After mulling the issue for several weeks, my partner and I sided against spamming. Today our site boasts almost 100 properties in 19 states and we are proud that we made the ethical decision against questionable business tactics. We’ve even made a name for ourselves through adding features to prevent our property owners from becoming victims of spam. In the end, our decision has given us the pride and resolve to continue running our business with ethical and moral conviction.

The irony of content and the stickiness curse

Tuesday, August 2nd, 2005

Web sites that have horrible content or a complete lack of content have much higher advertisement click through rates (using adsense or affiliate links) than sites with useful, interesting content. Makes perfect sense, right? If an internet user mistakenly wanders onto a site or a page that sucks, he or she will use almost any exit available (a well positioned ad) to find the information he or she was looking for in the first place. It’s why these ad-only sites are able to flourish; just buy a domain that will get a decent google pagerank and plaster the site with ads for related products. If your site isn’t “sticky,” who cares! In fact, this is exactly what you want!

I found this phenomenon to be true on my own website in a couple of instances. In the early days before we had bike trails in all 50 states, several of our state landing pages were blank and we filled the space with affiliate links to guidebooks that covered that state. Lo and behold those pages had the highest conversion rate even though we didn’t have a bit of content! Nice.

More recently I’ve found that the conversion rate on our fairly new gear review section of the site has an above average click-through rate, probably because we don’t have much original content yet. I’m almost dreading the day when our users want to hang out there; how will we ever make any money if no one wants to leave!?

The stickiness curse is real and it’s unfortunate in its effects. Quality content providers don’t make any money and the scammers win. Unfair…

Yahoo! no longer the shizzle

Saturday, July 30th, 2005

So I have most of my domain names registered with Yahoo! (or whatever third party registrar they use) and up until recently I have been satisfied with the pricing, the easy to use domain control panels, etc. A few months back one of the domains I registered, remlyrics.com was up for renewal (although I didn’t realize this). Yahoo! took the liberty of re-registering the domain for me, a nice service that most users will appreciate.

Unfortunately I had previously decided NOT to renew the domain since I hadn’t really updated the site and I was hosting it on my singletracks.com hosting account which was skewing some of my webstats (not to mention hogging bandwidth I desperately needed). It was my bad for not realizing this would be auto-renewed (prolly in my user agreement somewhere) so I resolved to make sure I didn’t have the same problem next year.

The Yahoo! domain control panel actually has a nice little link to use for canceling your service for a particular domain. I clicked the link and found a form to send outlining my reason for canceling, etc. I filled out the form and wrote that I didn’t want to drop the domain immediately since I had just re-upped for another year. Instead I just wanted it to fall off once it was up for renewal since I didn’t need it anymore (slim chance that someone would read this but I figured it was worth a shot, I really wasn’t that concerned either way). Anyway, I submit the form and get a message: 406 Not Acceptable. I had never seen this error code before (perhaps Yahoo! invented this one?) but I guessed it was a glitch that would be fixed in a day or so.

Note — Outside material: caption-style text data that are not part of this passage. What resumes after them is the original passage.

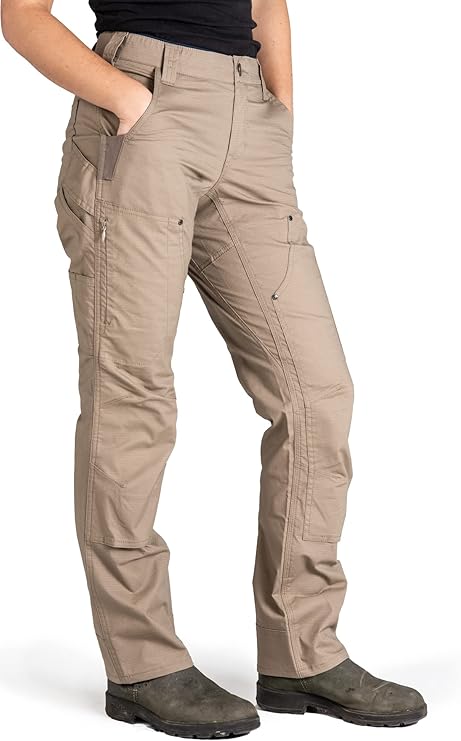 Dovetail Workwear Britt X Ultra Light Women's Work Pants, Flax Ripstop - Size 10 (Like New)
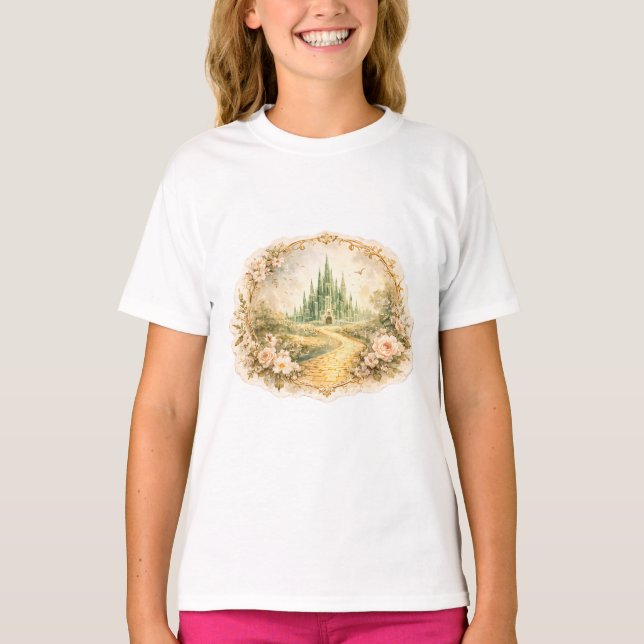 Camiseta Castelo Esmeralda Vintage para Crianças (Frente)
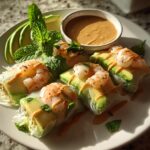 Shrimp and Avocado Summer Rolls with Peanut Sauce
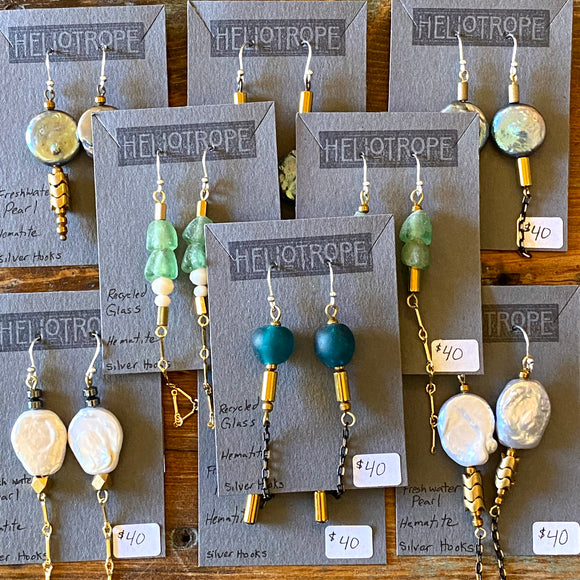 Glass & Pearl Earrings by Heliotrope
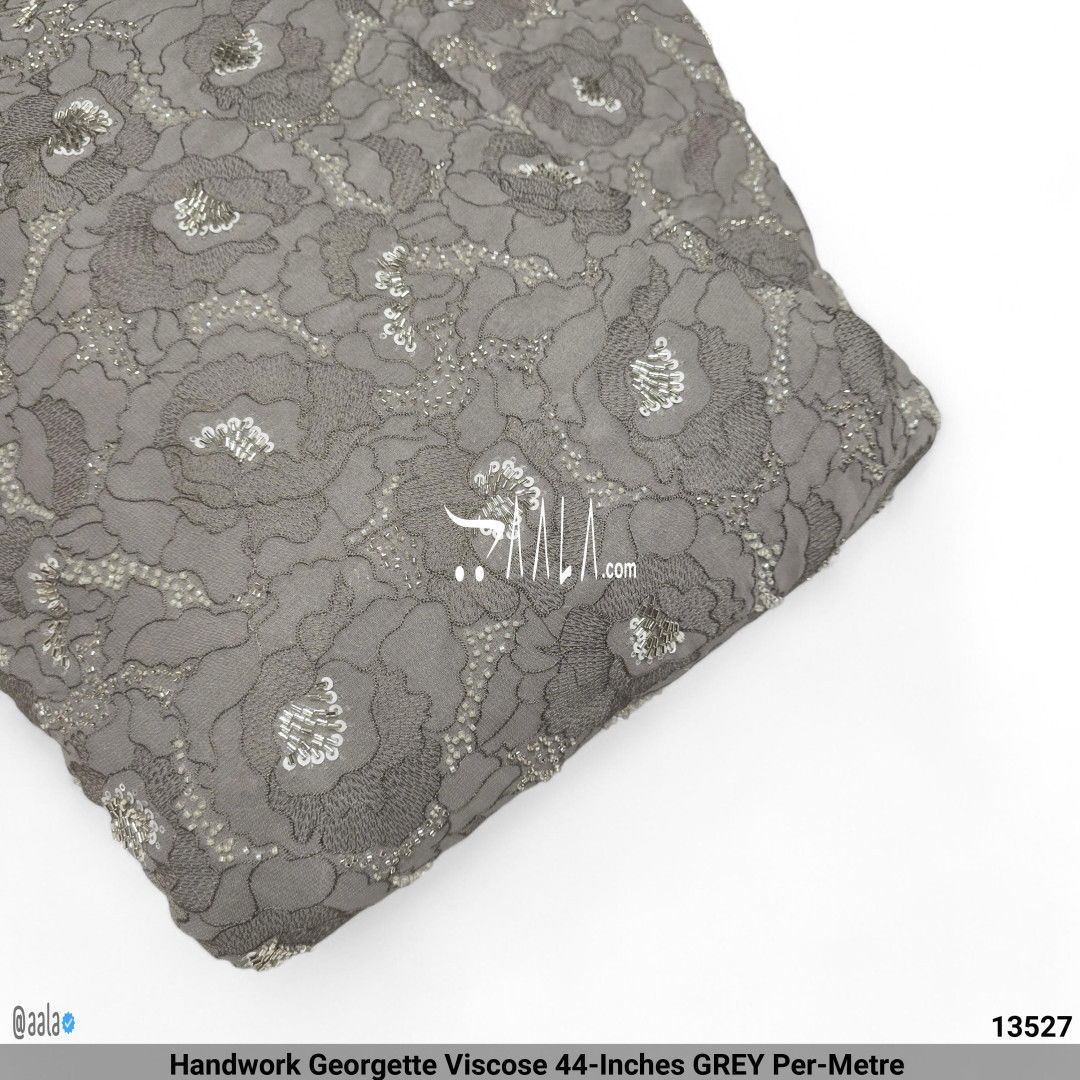 Handwork Georgette Viscose 44-Inches GREY Per-Metre #13527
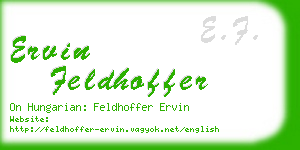 ervin feldhoffer business card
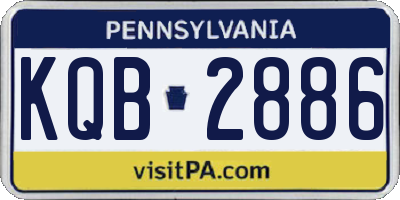 PA license plate KQB2886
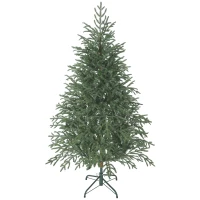 HOMCOM Albero di Natale Artificiale da 150 cm e Ignifugo con 1375 Rami Realistici, Base in Metallo Pieghevole(m-1)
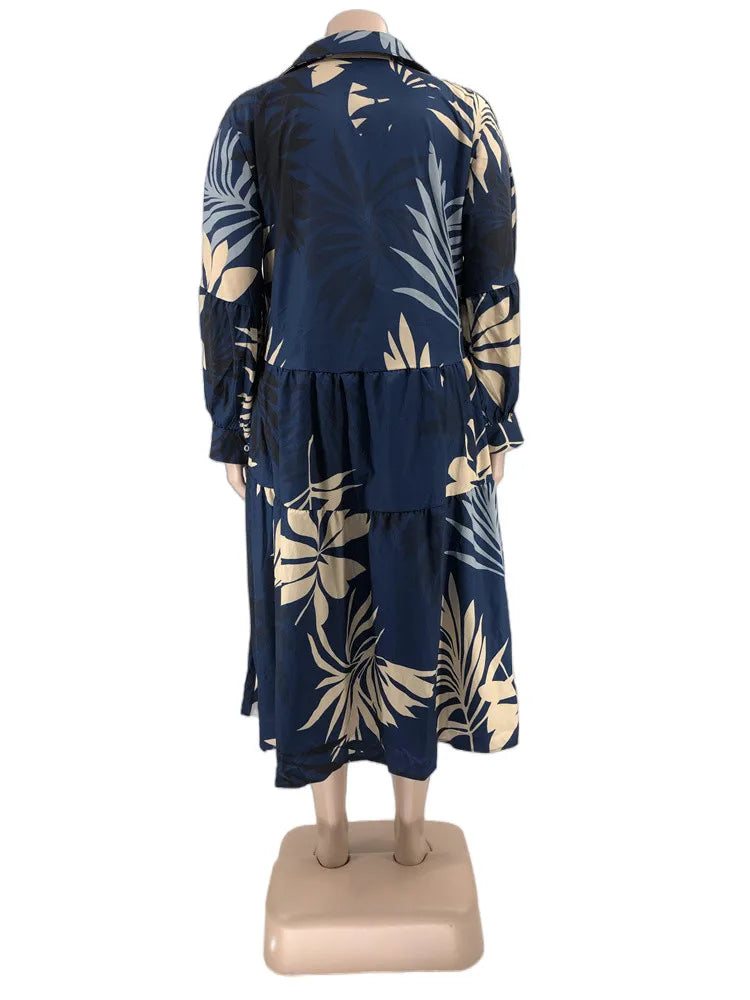 Maxy Plus Size Women Clothing Dresses Xl-5xl Flower Printed Long Sleeve Shirts Elegant Dress.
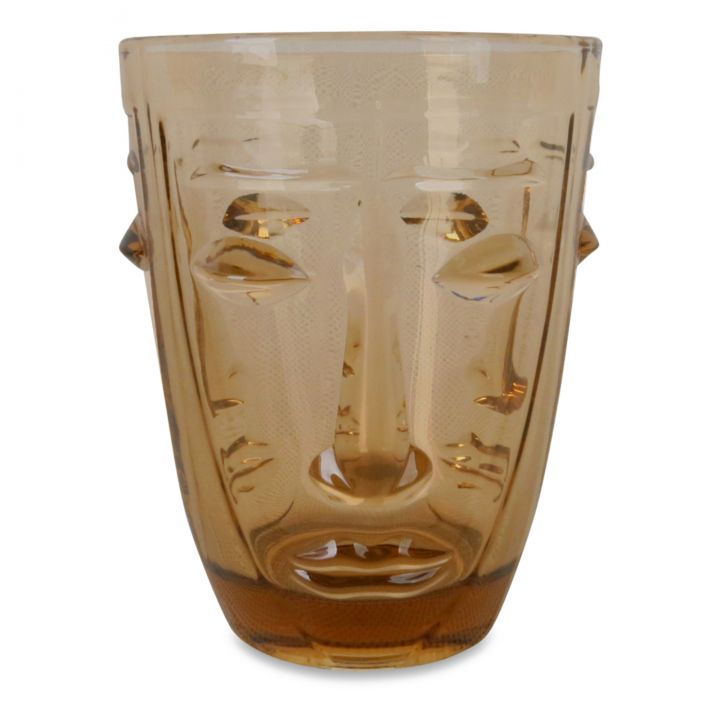 Verre gobelet Visage  D8 H10cm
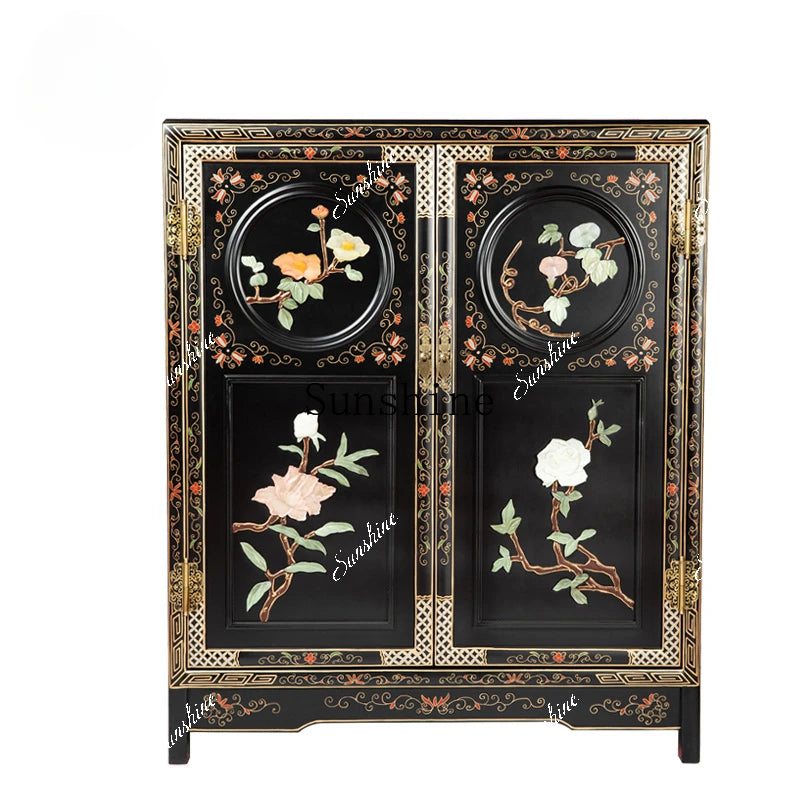 New Chinese Classical Mahogany Door Cabinet – Antique Style Storage Credenza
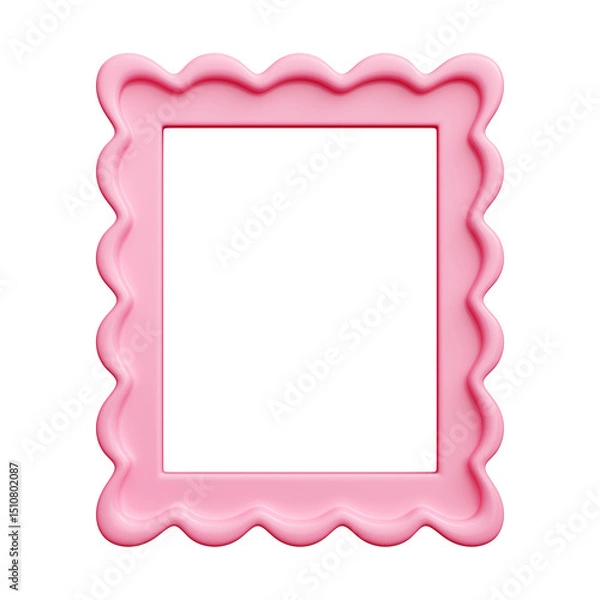 Fototapeta Scallop border pink frame 3d boasts clamshell-like ruffled trim. Curvaceous waves generate ornamental rectangular margin. Delicate feminine embellishment offers playful panache for design.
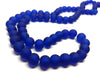 BD675 - 10mm Dark Blue Frosted Glass Round Beads - 15" strand (40cm) - Approx 40-42 beads per strand - Hole Size: 1.3mm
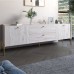 Тумба под телевизор с ящиками LION Wood с золотыми ножками 180х50х40 см Самоа Дымчатый (LION-043120) - фото 1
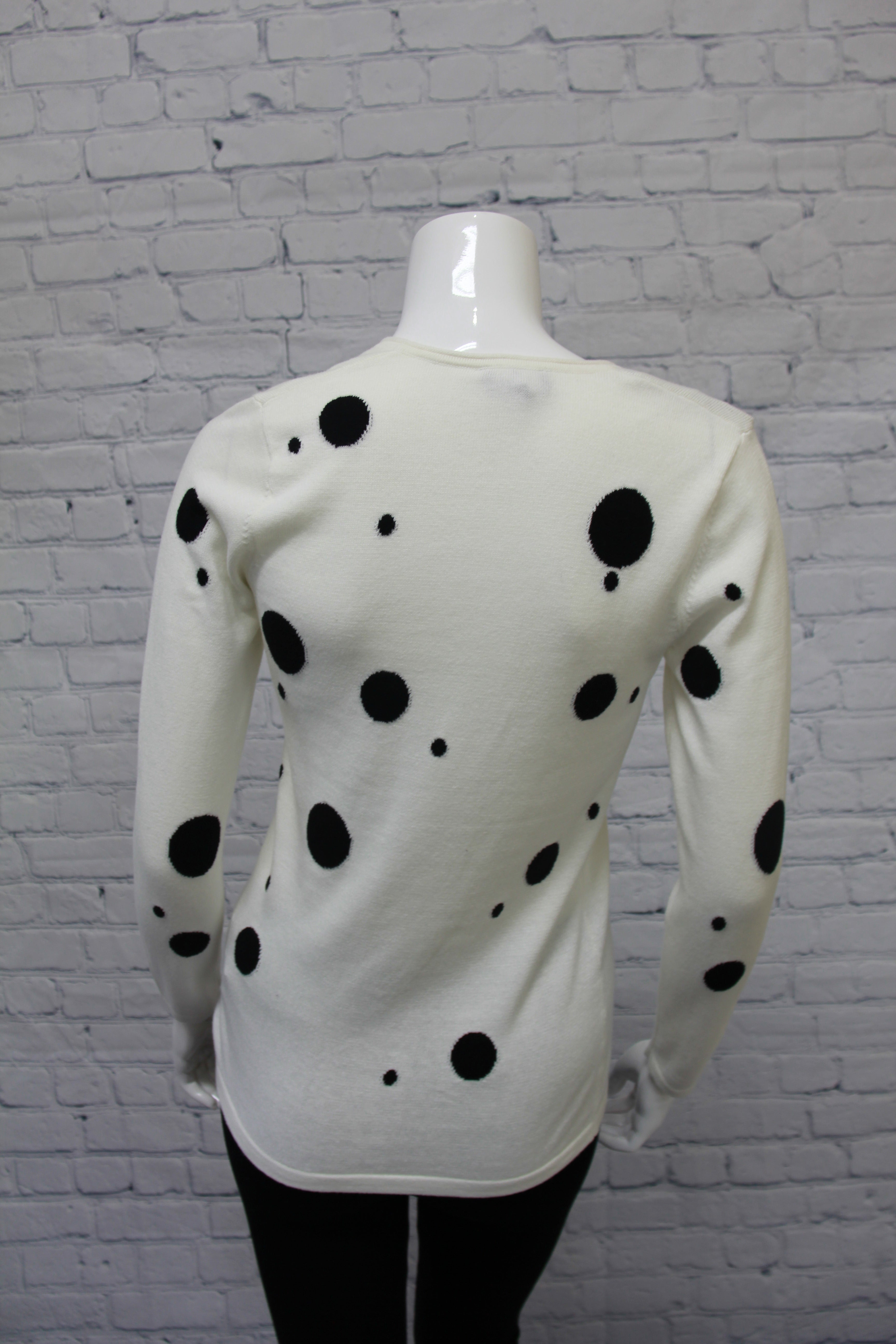 V-Neck Sweater Polka Dot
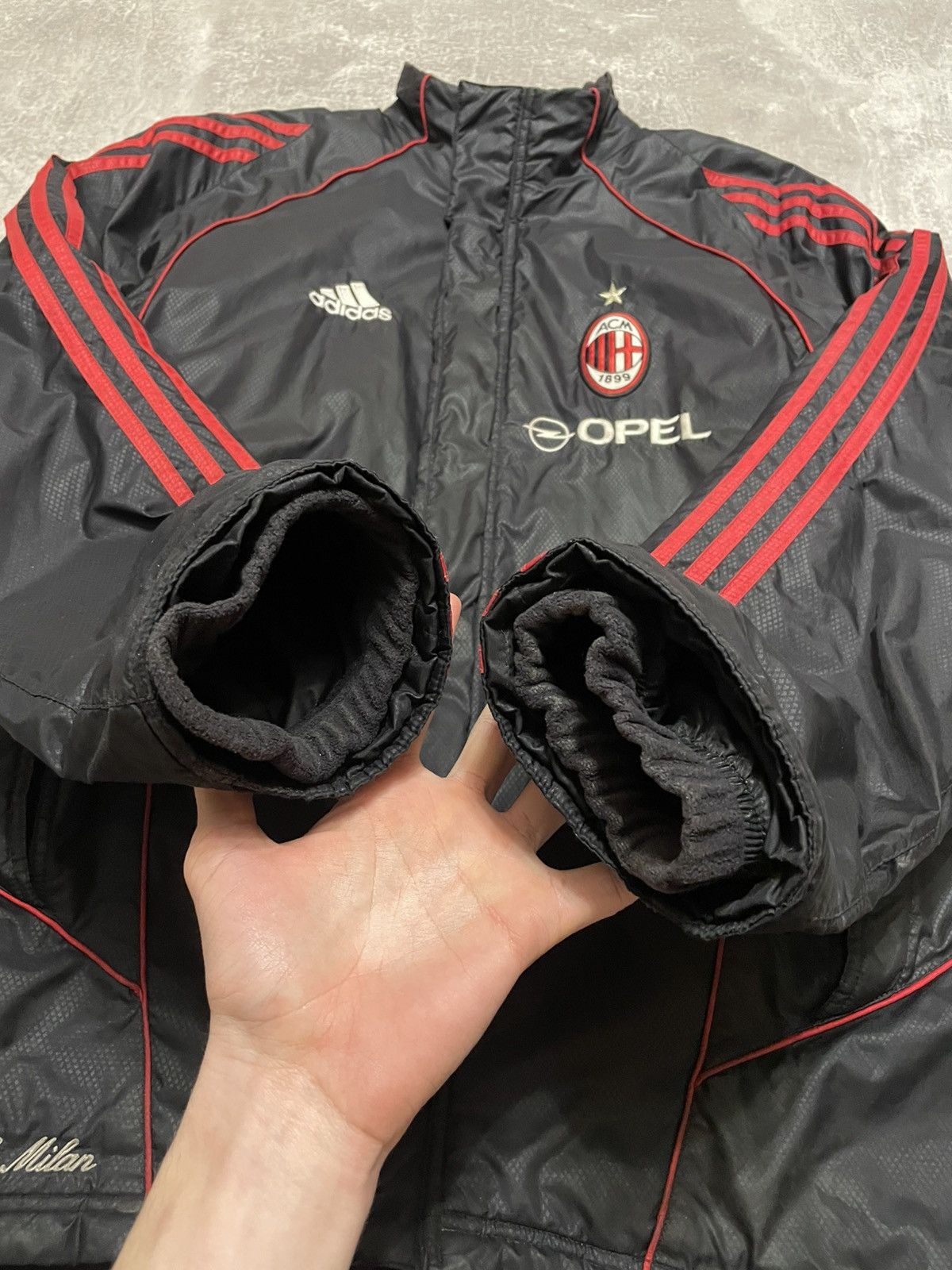 Adidas × Vintage Vintage Adidas AC Milan Soccer Jacket Parka Logo Opel Size US S / EU 44-46 / 1 - 10 Thumbnail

I’ve gone back to the page several times and keep hitting the same response. It’s as if Yahoo! is saying to me in a computer-sounding voice: “SORRY, YOUR REQUEST IS UNACCEPTABLE. I MUST NOW TERMINATE YOU…” (not sure how to enunciate computer voice?). Anyway, it’s pretty convenient that the cancel service page isn’t working but the purchase additional domains form works just fine. The real thing that makes me mad is that there is no form or contact email on the site to report problems like this (again, very convenient for the yahoos). I did find a phone number eventually but I don’t have the time nor the cell phone minutes right now to wait on hold to cancel a single domain name renewal.

Anyway, back in the day Yahoo! used to be the heat but clearly they’ve become overly focused on the bottom line, so much so that they make it nearly impossible to cancel a $10 a year service. Troubling…

Creating a business ecosystem

Tuesday, July 26th, 2005

The name of the game in business today is ecosystem creation and it’s amazing how many companies just don’t get this. In this day of open source software, global project collaboration, and the like, it’s amazing that more companies aren’t viewing their businesses as ecosystem providers.

One of the best examples of a corporate ecosystem is eBay. eBay loves to tout the fact that hundreds of thousands of people are making their living exclusively through the site. People are selling handmade crafts, scrounging for sweet threads at the thrift store to resell on the site, and devloping software and services to help buyers and sellers, large and small. By providing these services, eBay is becoming an indispensible product to thousands if not millions of loyal customers/users. By opening their product, eBay has expanded the business and made their service even more useful. Brilliant.

Another example of this new economy thinking comes from Cisco. Cisco made a tough decision early on to focus on creating an ecosystem business instead of closing the system. Instead of offering training, certifications, and installation services, Cisco chose to support third parties in building their businesses around Cisco’s business. Imagine choosing networking equipment from two vendors: one vendor provides just the equipment and another is your only source for the equipment, the installation, and the support. Clearly it would be easier to go with the one stop shop but what if these guys lock you into a system that’s expensive to maintain? You’re pretty much at the mercy of your supplier at this point and the one stop shop isn’t looking so hot anymore. Clearly this has worked well for Cisco as they continue to dominate the networking business.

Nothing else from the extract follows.